» **Short web captions**:
*** Block opens ***

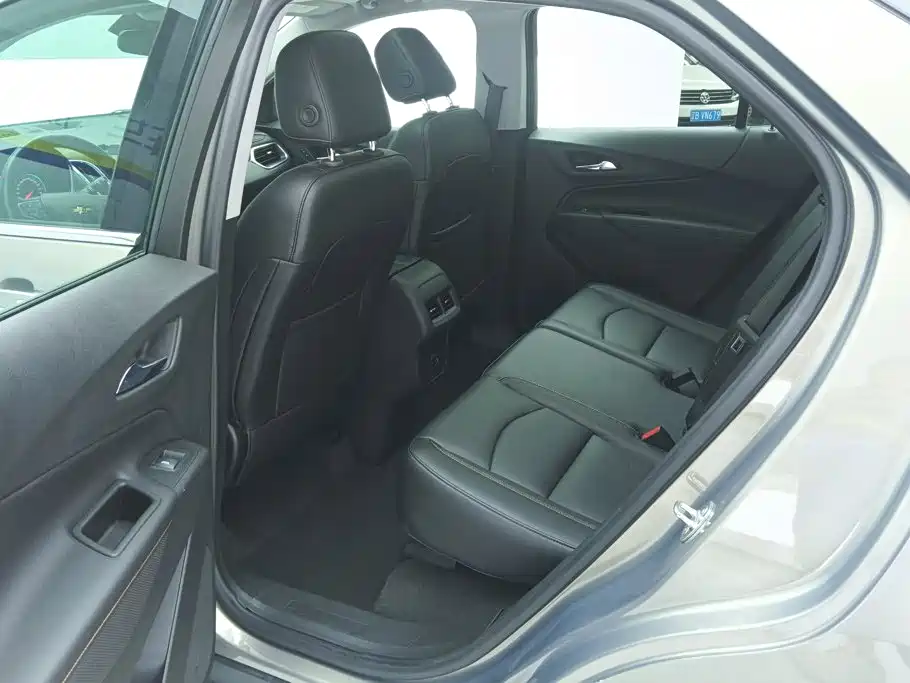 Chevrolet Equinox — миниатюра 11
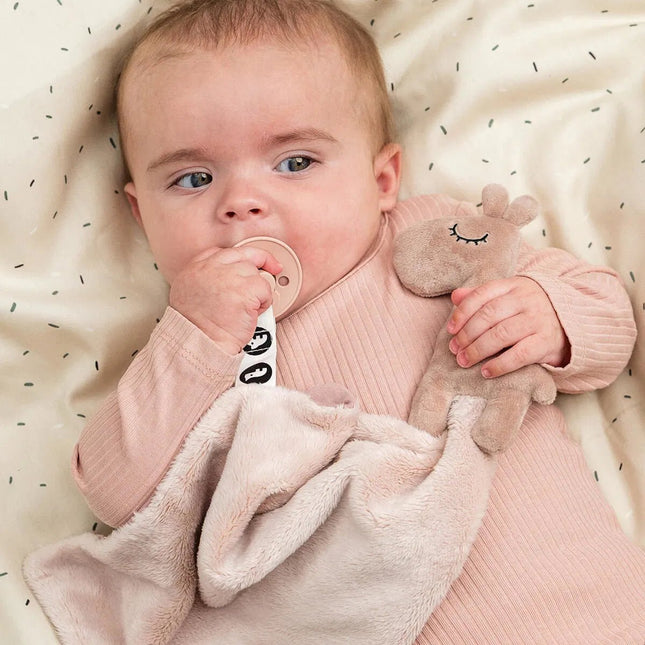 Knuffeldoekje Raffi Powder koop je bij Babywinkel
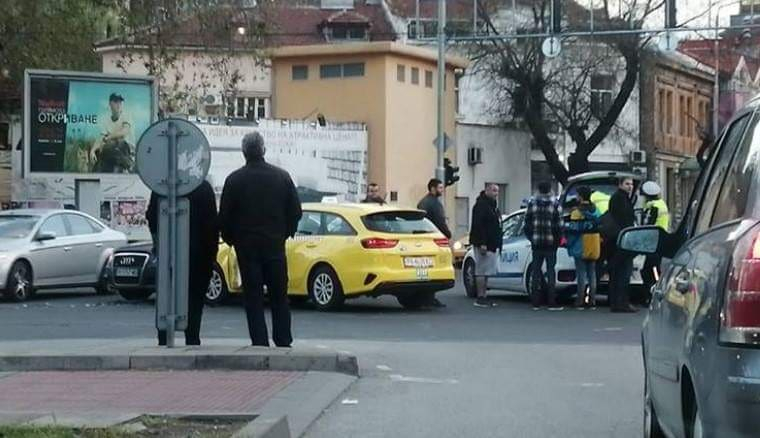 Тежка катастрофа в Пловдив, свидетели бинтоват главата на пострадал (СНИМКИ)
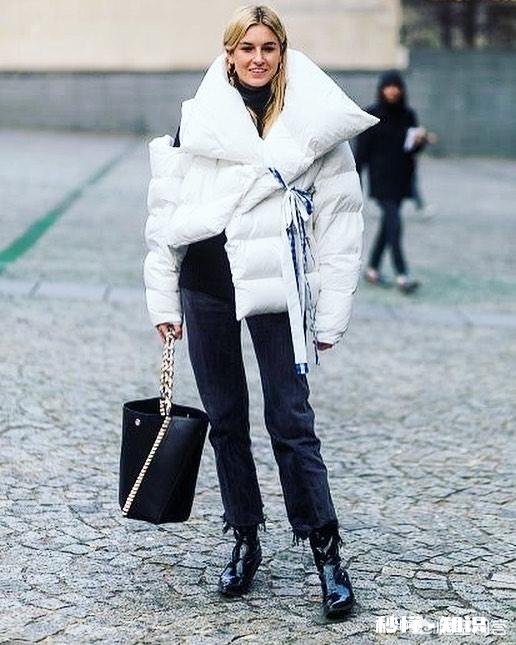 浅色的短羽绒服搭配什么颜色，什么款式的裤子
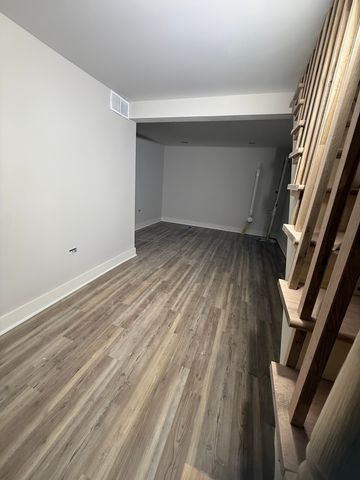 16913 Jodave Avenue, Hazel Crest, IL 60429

*** Block closes ***

» **Exercise description**:
Be exact. Write out all the entries and omit the pictures.

» **Exercise answer**:
 Chevrolet Equinox — миниатюра 11
 Knuffeldoekje Raffi Powder koop je bij Babywinkel
 Тежка катастрофа в Пловдив, свидетели бинтоват главата на пострадал (СНИМКИ)
 浅色的短羽绒服搭配什么颜色，什么款式的裤子
 16913 Jodave Avenue, Hazel Crest, IL 60429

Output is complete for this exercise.